◆ EXERCISE
There is one span to output from the data below: the lines starting at the line with "Wooden Train Track" and ending at the line with "Teenage Mutant Ninja". Output it exactly, ends included, nothing more.

◆ DATA TO EXAMINE
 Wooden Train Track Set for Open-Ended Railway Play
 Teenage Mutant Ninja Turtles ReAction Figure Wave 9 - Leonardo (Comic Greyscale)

* * *

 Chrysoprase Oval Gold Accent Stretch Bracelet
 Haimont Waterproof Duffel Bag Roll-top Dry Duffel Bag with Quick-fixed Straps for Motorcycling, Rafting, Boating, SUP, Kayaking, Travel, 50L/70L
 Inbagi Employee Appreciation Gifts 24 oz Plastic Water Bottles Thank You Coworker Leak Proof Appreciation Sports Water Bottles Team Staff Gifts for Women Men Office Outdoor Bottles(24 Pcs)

◆ EXPECTED ANSWER
 Wooden Train Track Set for Open-Ended Railway Play
 Teenage Mutant Ninja Turtles ReAction Figure Wave 9 - Leonardo (Comic Greyscale)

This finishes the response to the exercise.